Brief descriptive captions
- Opening Delimiter -
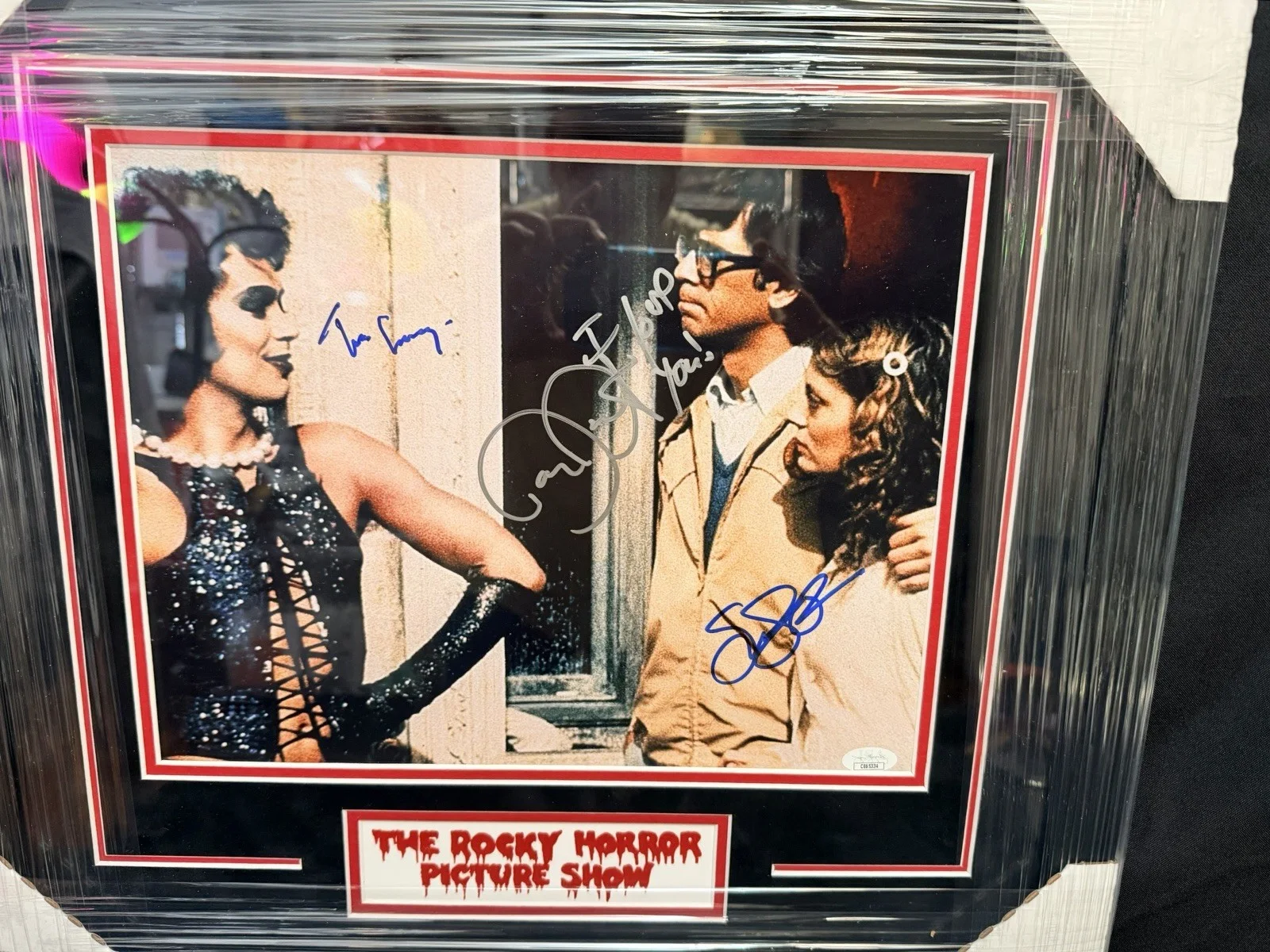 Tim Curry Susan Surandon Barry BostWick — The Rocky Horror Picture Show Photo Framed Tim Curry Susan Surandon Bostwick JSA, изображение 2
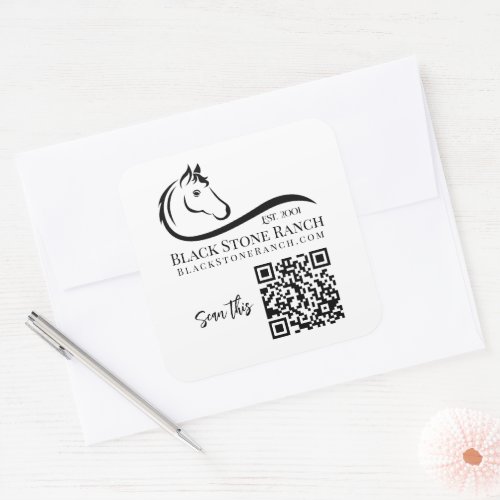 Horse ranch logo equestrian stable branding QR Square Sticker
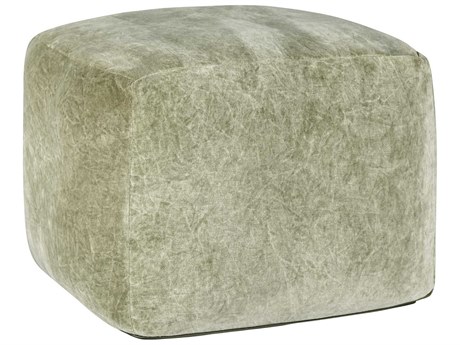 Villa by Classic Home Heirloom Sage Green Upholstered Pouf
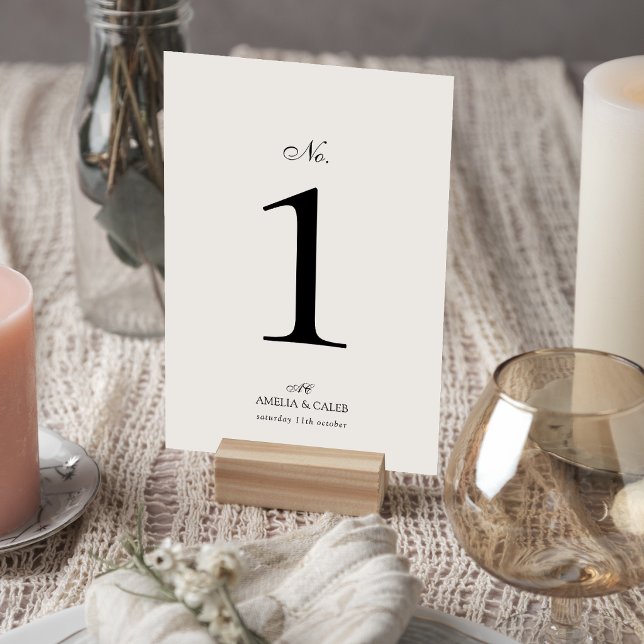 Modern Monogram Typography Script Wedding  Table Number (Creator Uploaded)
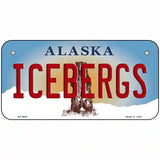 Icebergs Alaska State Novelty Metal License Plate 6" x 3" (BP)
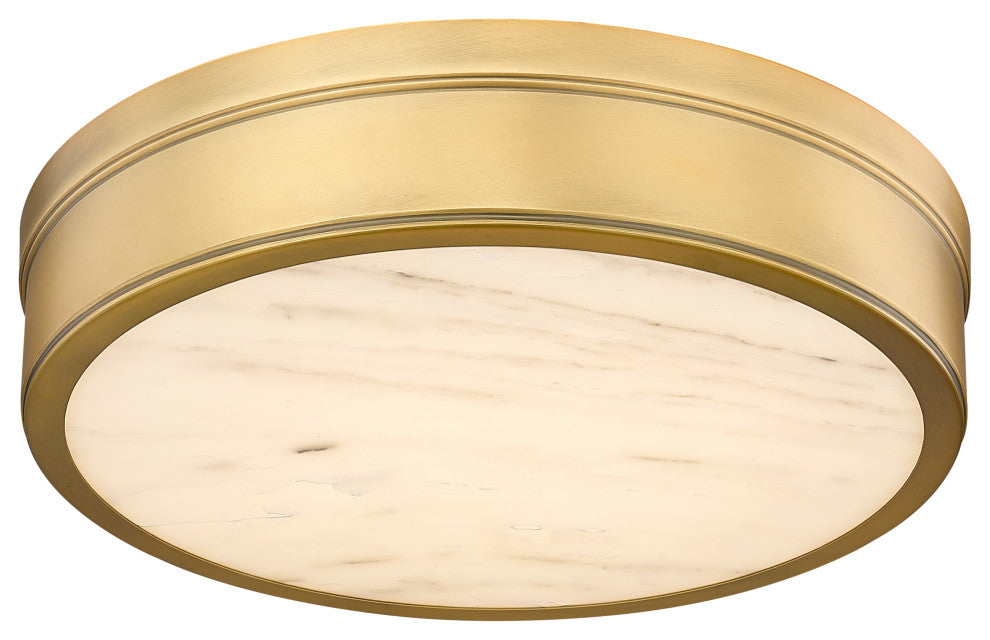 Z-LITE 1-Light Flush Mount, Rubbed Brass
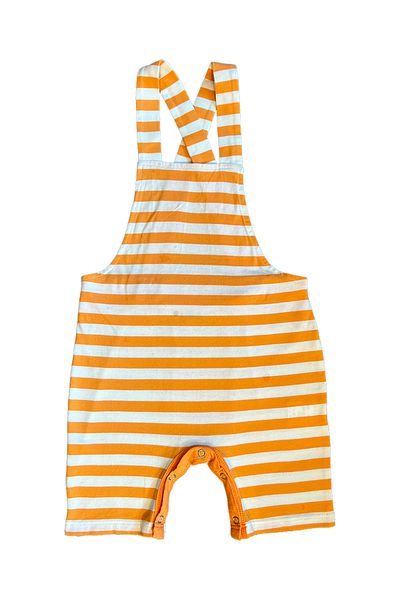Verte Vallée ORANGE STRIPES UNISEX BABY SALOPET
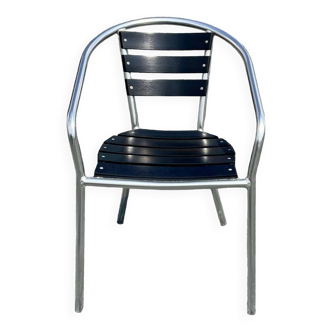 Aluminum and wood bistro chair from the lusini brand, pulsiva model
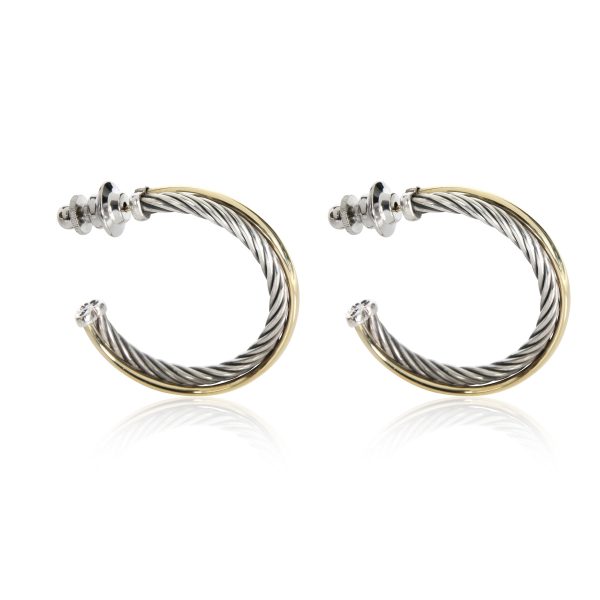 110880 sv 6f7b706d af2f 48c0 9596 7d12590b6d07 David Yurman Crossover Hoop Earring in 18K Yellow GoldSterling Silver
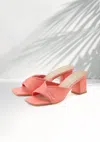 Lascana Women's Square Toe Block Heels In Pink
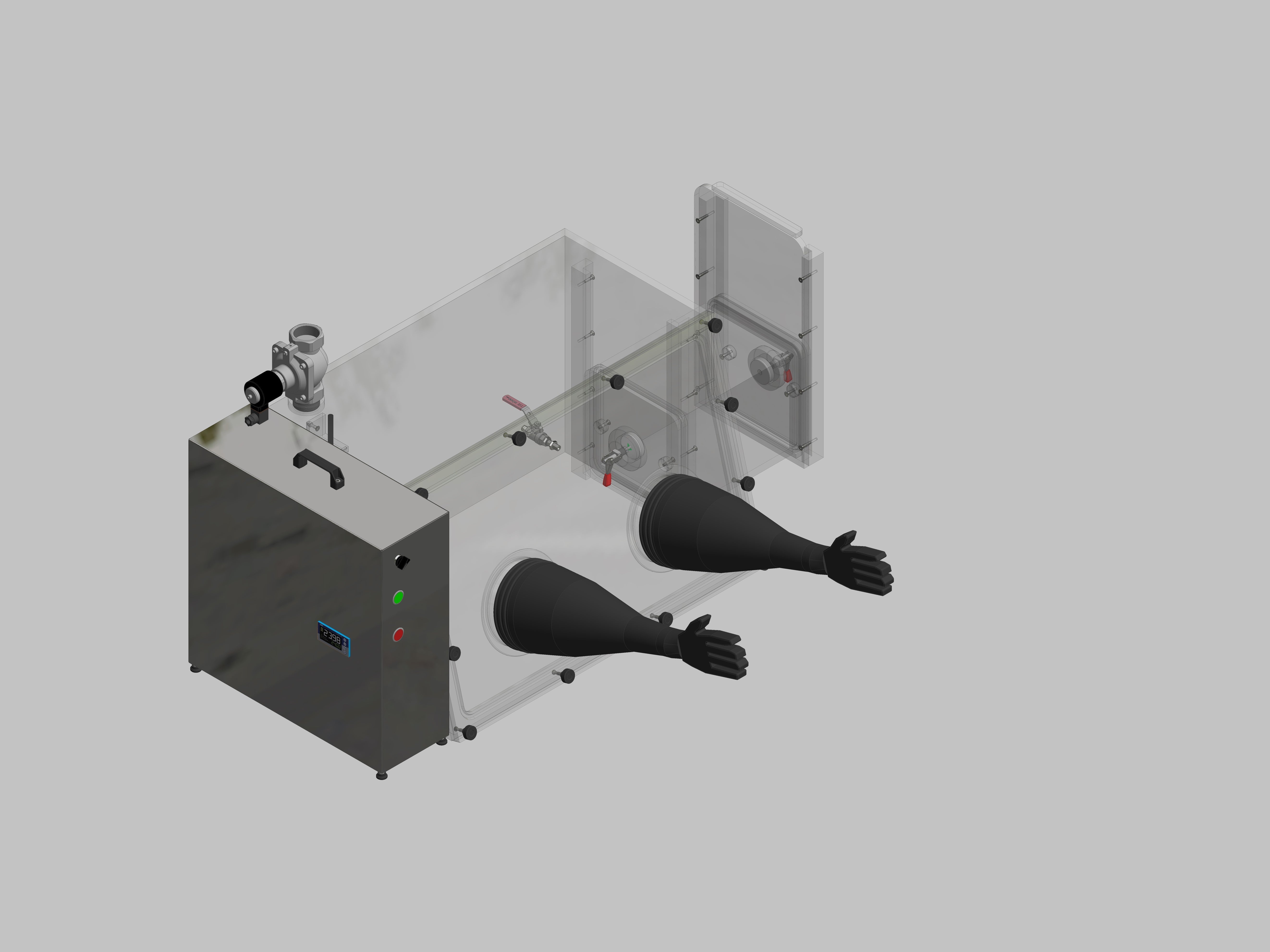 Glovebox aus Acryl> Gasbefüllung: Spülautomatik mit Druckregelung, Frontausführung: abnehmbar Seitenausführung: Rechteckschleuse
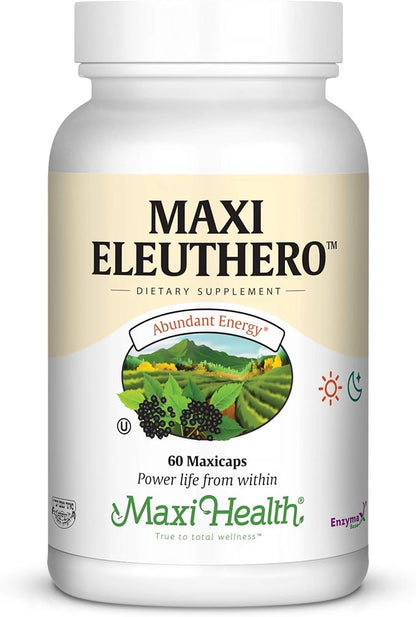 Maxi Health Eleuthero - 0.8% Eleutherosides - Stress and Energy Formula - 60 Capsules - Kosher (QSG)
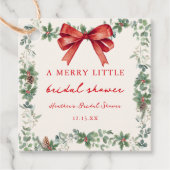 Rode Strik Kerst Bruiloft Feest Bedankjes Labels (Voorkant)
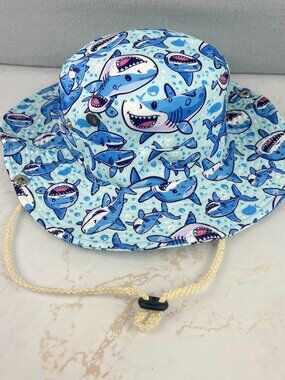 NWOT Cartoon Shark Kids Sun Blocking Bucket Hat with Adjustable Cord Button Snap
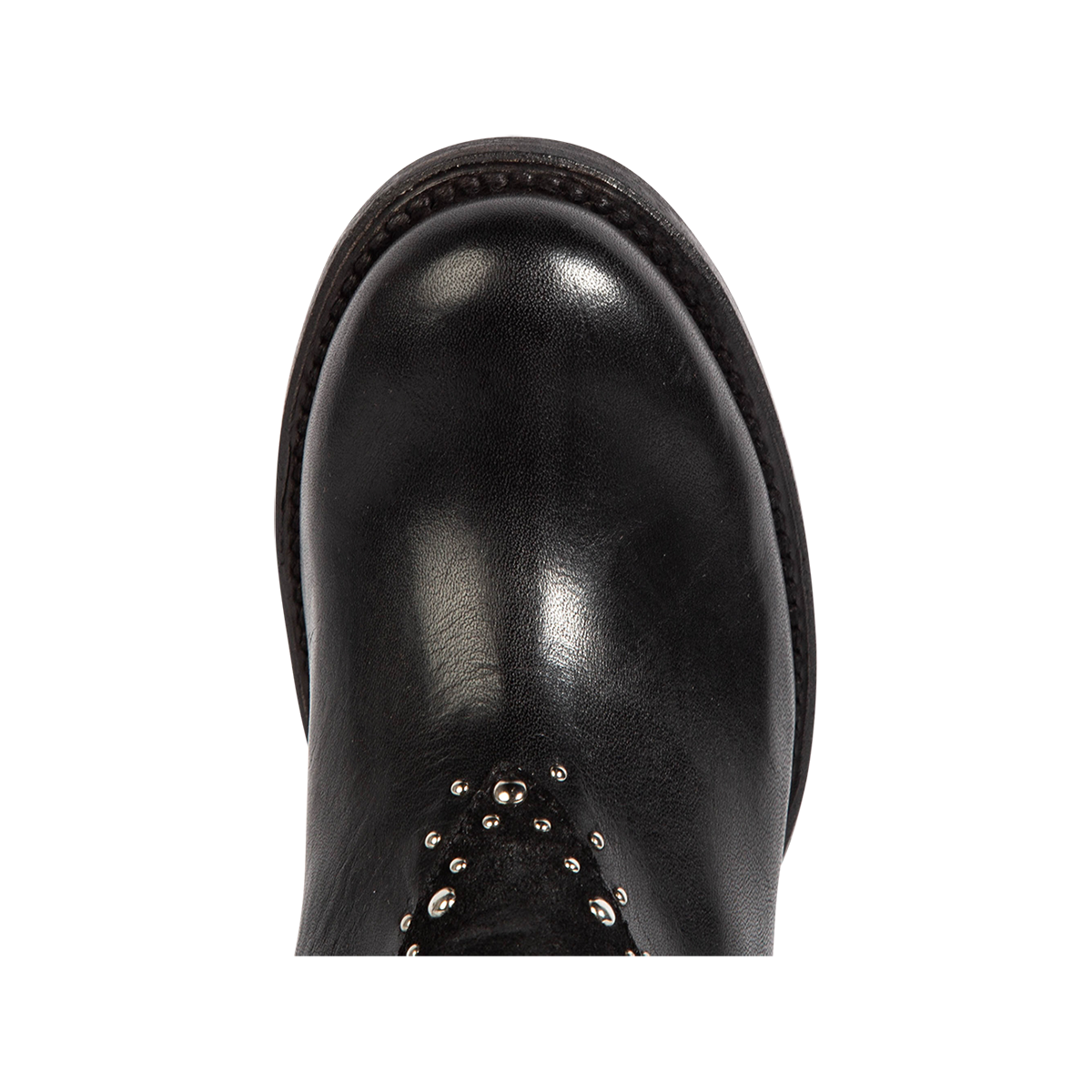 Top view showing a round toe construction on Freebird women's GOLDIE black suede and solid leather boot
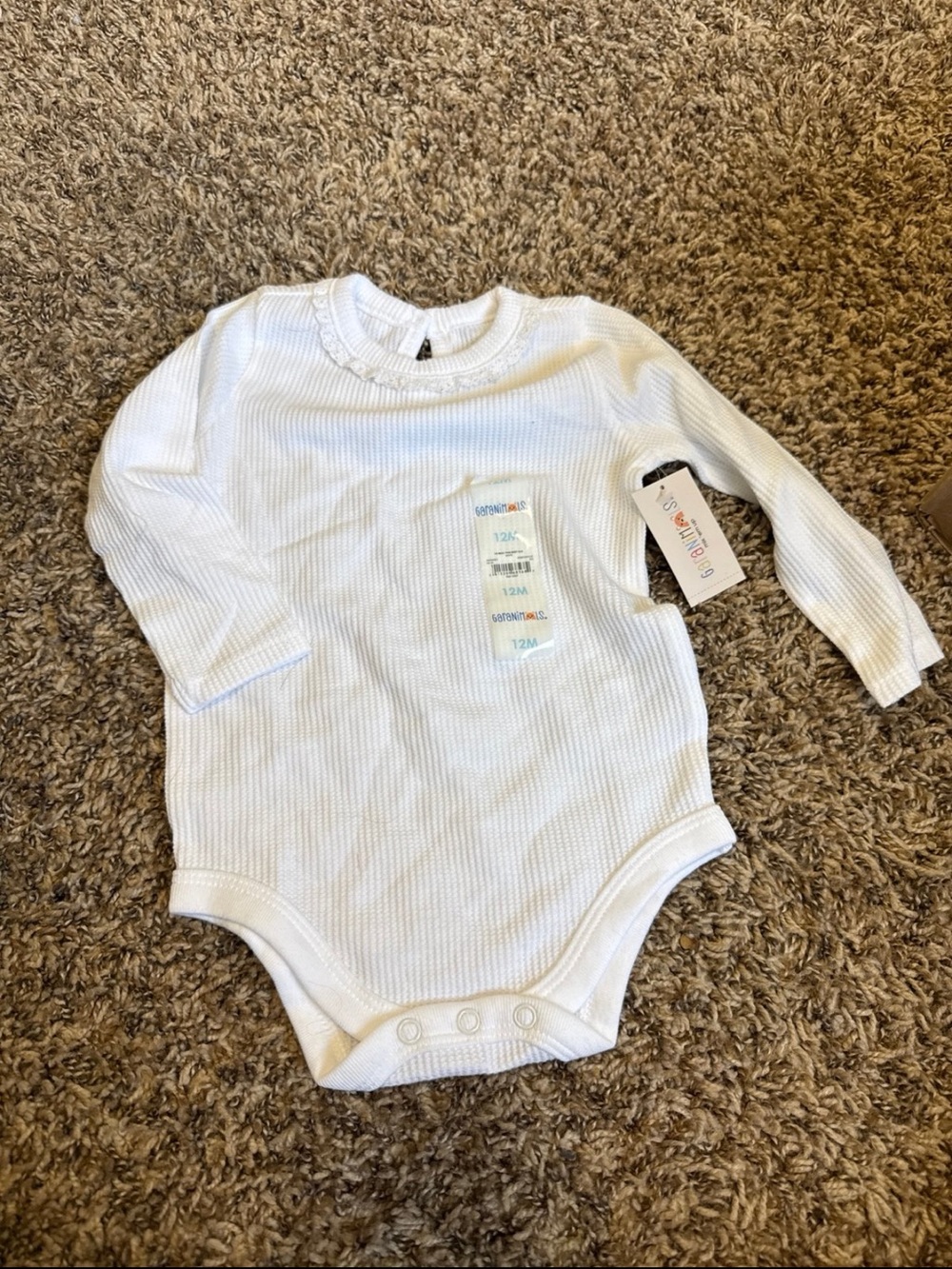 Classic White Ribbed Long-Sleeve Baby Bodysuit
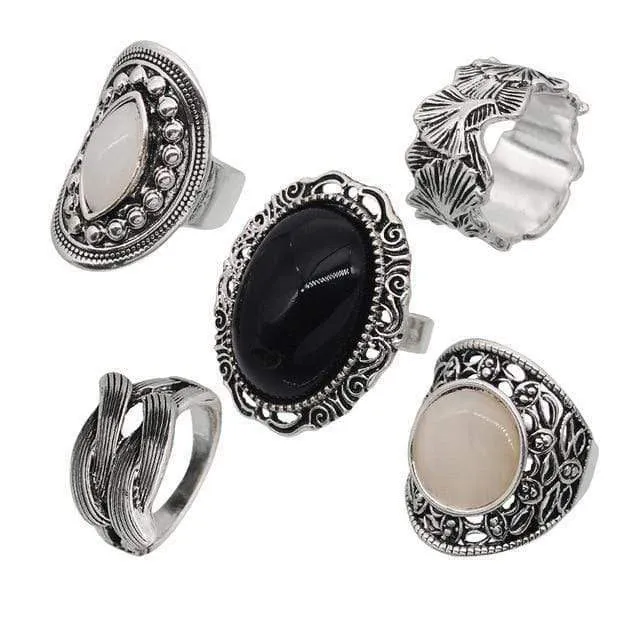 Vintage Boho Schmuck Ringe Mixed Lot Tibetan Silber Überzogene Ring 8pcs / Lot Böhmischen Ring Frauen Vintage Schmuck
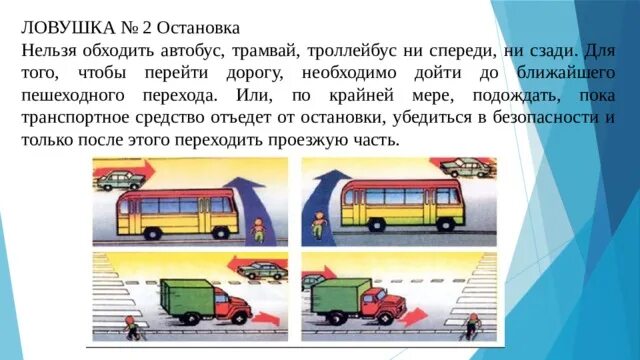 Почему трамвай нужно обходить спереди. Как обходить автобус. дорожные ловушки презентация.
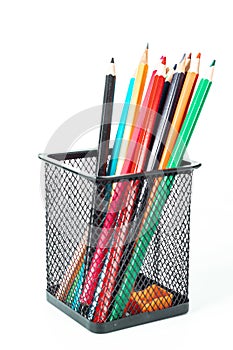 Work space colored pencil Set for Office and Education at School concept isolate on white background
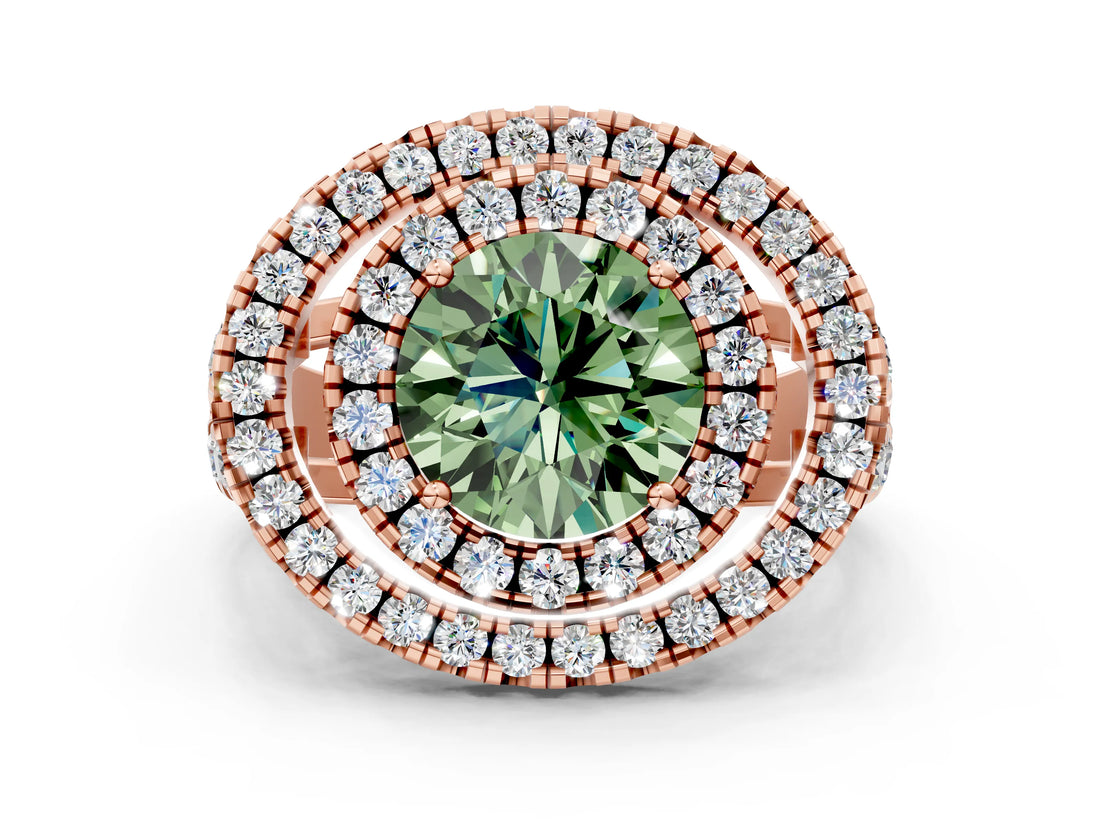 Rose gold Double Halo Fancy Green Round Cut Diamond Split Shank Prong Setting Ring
- Closing Delimiter -
What the task asks
Every record, from top to bottom, gets written out exactly; no picture goes into the copy.

Problem solution
 Tim Curry Susan Surandon Barry BostWick — The Rocky Horror Picture Show Photo Framed Tim Curry Susan Surandon Bostwick JSA, изображение 2
 Horse ranch logo equestrian stable branding QR Square Sticker
 Villa by Classic Home Heirloom Sage Green Upholstered Pouf
 Modern Monogram Typography Script Wedding  Table Number (Creator Uploaded)
 Icebergs Alaska State Novelty Metal License Plate 6" x 3" (BP)
 Z-LITE 1-Light Flush Mount, Rubbed Brass
Verte Vallée ORANGE STRIPES UNISEX BABY SALOPET
 Aluminum and wood bistro chair from the lusini brand, pulsiva model
 110880 sv 6f7b706d af2f 48c0 9596 7d12590b6d07 David Yurman Crossover Hoop Earring in 18K Yellow GoldSterling Silver
 Lascana Women's Square Toe Block Heels In Pink
 Glovebox aus Acryl> Gasbefüllung: Spülautomatik mit Druckregelung, Frontausführung: abnehmbar Seitenausführung: Rechteckschleuse
 Maxi Health Eleuthero - 0.8% Eleutherosides - Stress and Energy Formula - 60 Capsules - Kosher (QSG)
 Rode Strik Kerst Bruiloft Feest Bedankjes Labels (Voorkant)
 NWOT Cartoon Shark Kids Sun Blocking Bucket Hat with Adjustable Cord Button Snap
 Top view showing a round toe construction on Freebird women's GOLDIE black suede and solid leather boot
 Classic White Ribbed Long-Sleeve Baby Bodysuit
 Vintage Boho Schmuck Ringe Mixed Lot Tibetan Silber Überzogene Ring 8pcs / Lot Böhmischen Ring Frauen Vintage Schmuck
 Почему трамвай нужно обходить спереди. Как обходить автобус. дорожные ловушки презентация.
 Work space colored pencil Set for Office and Education at School concept isolate on white background
 Rose gold Double Halo Fancy Green Round Cut Diamond Split Shank Prong Setting Ring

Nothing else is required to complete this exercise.